Task requirements
Go through the following data and transcribe exactly the stretch of lines from the one holding "map of Demiroğlu" to the one holding "Aliterabogados.com(Abogados Valencia) Screenshot", both included.

Records for the task
● ● ●
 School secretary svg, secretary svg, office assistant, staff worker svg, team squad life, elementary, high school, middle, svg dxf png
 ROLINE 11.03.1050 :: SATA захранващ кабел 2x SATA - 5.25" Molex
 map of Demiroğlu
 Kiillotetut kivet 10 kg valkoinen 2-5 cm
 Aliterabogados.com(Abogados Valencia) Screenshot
● ● ●
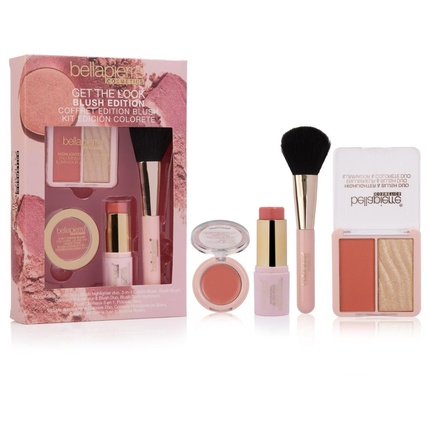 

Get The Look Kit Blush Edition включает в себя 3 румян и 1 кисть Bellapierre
● ● ●
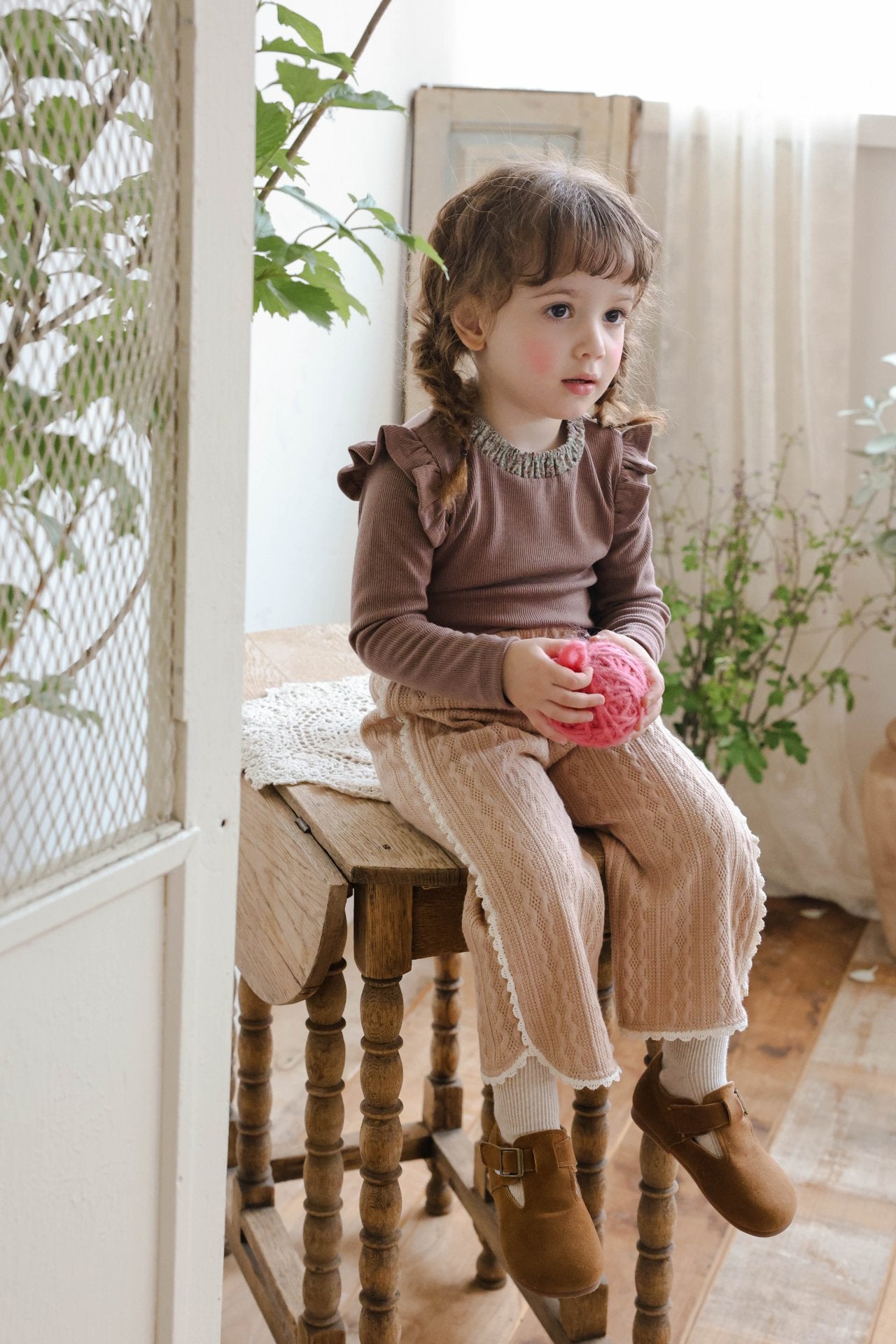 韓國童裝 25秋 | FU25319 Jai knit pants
● ● ●
Response to the task
 map of Demiroğlu
 Kiillotetut kivet 10 kg valkoinen 2-5 cm
 Aliterabogados.com(Abogados Valencia) Screenshot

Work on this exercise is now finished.